Rząd woła do kobiet, by wyszły z kuchni
"Kobieto, weź sprawy w swoje ręce" - woła rząd do Polek. Bo, jak pisze "Dziennik", aż 52 proc. Polek nie jest aktywnych zawodowo. Zajmują się domem, dziećmi i po cichu marzą, by zrobić karierę. Wiceminister Joanna Kluzik-Rostkowska chce im w tym pomóc.
"Kobieto! Nie czekaj na księcia z bajki ani na dobrą wróżkę. Złota rybka też ci nie pomoże. Życie to nie bajka. Weź sprawy w swoje ręce" - to nie hasło akcji feministycznej, ale kampanii firmowanej przez minister Joannę Kluzik-Rostkowską. Wszystko w ramach rządowej ogólnopolskiej akcji "Spełniona w biznesie". Kampania ruszy we wrześniu. Posłanki PiS zapowiadają, że to dopiero początek, i że ich rząd jest otwarty na kolejne pomysły, które do tej pory były kojarzone raczej z lewicą i organizacjami feministycznymi.
Akcja "Spełniona w biznesie" to - jak dowiedziała się gazeta - kilkaset billboardów, telewizyjnych spotów oraz reportaży przedstawiających historie kobiet, które zdecydowały się założyć własny biznes. W najbliższych dniach Ministerstwo Rozwoju Regionalnego uruchomi internetową stronę www.przedsiebiorczakobieta.pl z informacjami, jak krok po kroku można założyć firmę. Ruszy też infolinia, gdzie dyżurować będą eksperci.
- Badania pokazują, że jest bardzo dużo kobiet, które czują potrzebę aktywności, chciałyby mieć własny biznes, ale nie wiedzą, jak to zrobić - mówi wiceminister Joanna Kluzik-Rostkowska odpowiedzialna za sprawy kobiet i rodziny.
Według ministerialnych danych, skala problemu jest porażająca. W Polsce pracuje mniej niż połowa kobiet będących w wieku produkcyjnym. - Są kobiety, które siedzą po cichu i marzą o robieniu kariery. Trzeba im pokazać, jak to zrobić - dodaje Kluzik-Rostkowska.

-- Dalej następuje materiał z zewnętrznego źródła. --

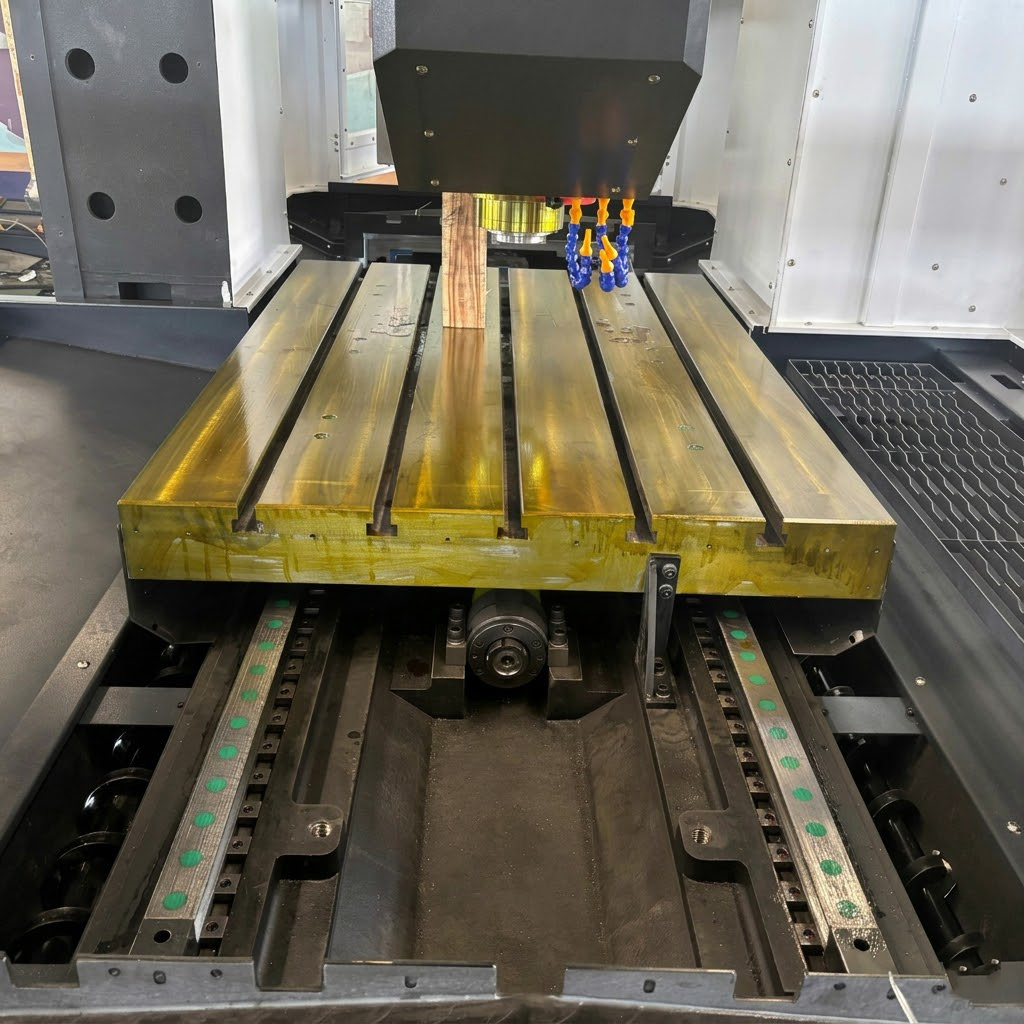 1400x1000mm CNC gantry table with 3 ton capacity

Pomysłem zachwycona jest posłanka PiS Jolanta Szczypińska. - Popieram to całym sercem. To mit, że PiS jest za tym, żeby kobiety siedziały w domu. Jeśli bycie przy dzieciach przynosi im satysfakcję, to czapki z głów. Ale jeśli kobiety chcą się również spełniać zawodowo, to trzeba im w tym pomagać. Kobiety mają przecież trudniejszą sytuację niż mężczyźni - mówi "Dziennikowi" posłanka.